Excerpts from a dataset:
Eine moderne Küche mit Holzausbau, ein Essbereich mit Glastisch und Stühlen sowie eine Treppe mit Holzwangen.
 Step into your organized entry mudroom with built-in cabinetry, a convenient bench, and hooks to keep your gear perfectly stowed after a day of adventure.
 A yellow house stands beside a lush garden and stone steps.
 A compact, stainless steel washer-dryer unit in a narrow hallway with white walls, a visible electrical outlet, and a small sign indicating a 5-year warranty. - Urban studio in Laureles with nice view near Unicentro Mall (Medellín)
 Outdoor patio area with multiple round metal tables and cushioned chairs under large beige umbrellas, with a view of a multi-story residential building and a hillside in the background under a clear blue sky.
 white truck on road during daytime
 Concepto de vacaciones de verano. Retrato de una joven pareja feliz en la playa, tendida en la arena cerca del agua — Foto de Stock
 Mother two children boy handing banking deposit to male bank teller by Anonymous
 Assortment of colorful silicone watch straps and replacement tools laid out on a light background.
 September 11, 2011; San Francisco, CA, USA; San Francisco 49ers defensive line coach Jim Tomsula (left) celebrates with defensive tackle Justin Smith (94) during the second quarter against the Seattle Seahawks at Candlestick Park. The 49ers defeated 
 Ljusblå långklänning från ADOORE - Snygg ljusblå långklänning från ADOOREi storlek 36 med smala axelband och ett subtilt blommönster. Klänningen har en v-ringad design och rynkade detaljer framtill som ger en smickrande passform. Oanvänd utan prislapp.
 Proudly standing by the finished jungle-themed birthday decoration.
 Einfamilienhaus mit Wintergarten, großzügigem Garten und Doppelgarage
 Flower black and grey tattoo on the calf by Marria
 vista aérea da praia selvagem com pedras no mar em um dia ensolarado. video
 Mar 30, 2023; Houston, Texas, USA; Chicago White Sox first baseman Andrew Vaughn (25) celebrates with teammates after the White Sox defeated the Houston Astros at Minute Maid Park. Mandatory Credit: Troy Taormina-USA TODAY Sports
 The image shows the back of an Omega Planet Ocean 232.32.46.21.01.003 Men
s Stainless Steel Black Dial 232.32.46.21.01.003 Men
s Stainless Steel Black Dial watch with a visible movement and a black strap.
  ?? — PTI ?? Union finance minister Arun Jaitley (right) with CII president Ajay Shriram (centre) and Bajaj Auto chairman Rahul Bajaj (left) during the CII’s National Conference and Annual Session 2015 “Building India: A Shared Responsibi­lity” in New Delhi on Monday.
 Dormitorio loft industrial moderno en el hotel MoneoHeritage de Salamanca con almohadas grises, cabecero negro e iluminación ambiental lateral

### PROBLEM TO SOLVE
Please transcribe exactly the line containing "Outdoor patio area" and every line after it through the end of the records, and nothing else.

### ANSWER TO THIS TASK
 Outdoor patio area with multiple round metal tables and cushioned chairs under large beige umbrellas, with a view of a multi-story residential building and a hillside in the background under a clear blue sky.
 white truck on road during daytime
 Concepto de vacaciones de verano. Retrato de una joven pareja feliz en la playa, tendida en la arena cerca del agua — Foto de Stock
 Mother two children boy handing banking deposit to male bank teller by Anonymous
 Assortment of colorful silicone watch straps and replacement tools laid out on a light background.
 September 11, 2011; San Francisco, CA, USA; San Francisco 49ers defensive line coach Jim Tomsula (left) celebrates with defensive tackle Justin Smith (94) during the second quarter against the Seattle Seahawks at Candlestick Park. The 49ers defeated 
 Ljusblå långklänning från ADOORE - Snygg ljusblå långklänning från ADOOREi storlek 36 med smala axelband och ett subtilt blommönster. Klänningen har en v-ringad design och rynkade detaljer framtill som ger en smickrande passform. Oanvänd utan prislapp.
 Proudly standing by the finished jungle-themed birthday decoration.
 Einfamilienhaus mit Wintergarten, großzügigem Garten und Doppelgarage
 Flower black and grey tattoo on the calf by Marria
 vista aérea da praia selvagem com pedras no mar em um dia ensolarado. video
 Mar 30, 2023; Houston, Texas, USA; Chicago White Sox first baseman Andrew Vaughn (25) celebrates with teammates after the White Sox defeated the Houston Astros at Minute Maid Park. Mandatory Credit: Troy Taormina-USA TODAY Sports
 The image shows the back of an Omega Planet Ocean 232.32.46.21.01.003 Men
s Stainless Steel Black Dial 232.32.46.21.01.003 Men
s Stainless Steel Black Dial watch with a visible movement and a black strap.
  ?? — PTI ?? Union finance minister Arun Jaitley (right) with CII president Ajay Shriram (centre) and Bajaj Auto chairman Rahul Bajaj (left) during the CII’s National Conference and Annual Session 2015 “Building India: A Shared Responsibi­lity” in New Delhi on Monday.
 Dormitorio loft industrial moderno en el hotel MoneoHeritage de Salamanca con almohadas grises, cabecero negro e iluminación ambiental lateral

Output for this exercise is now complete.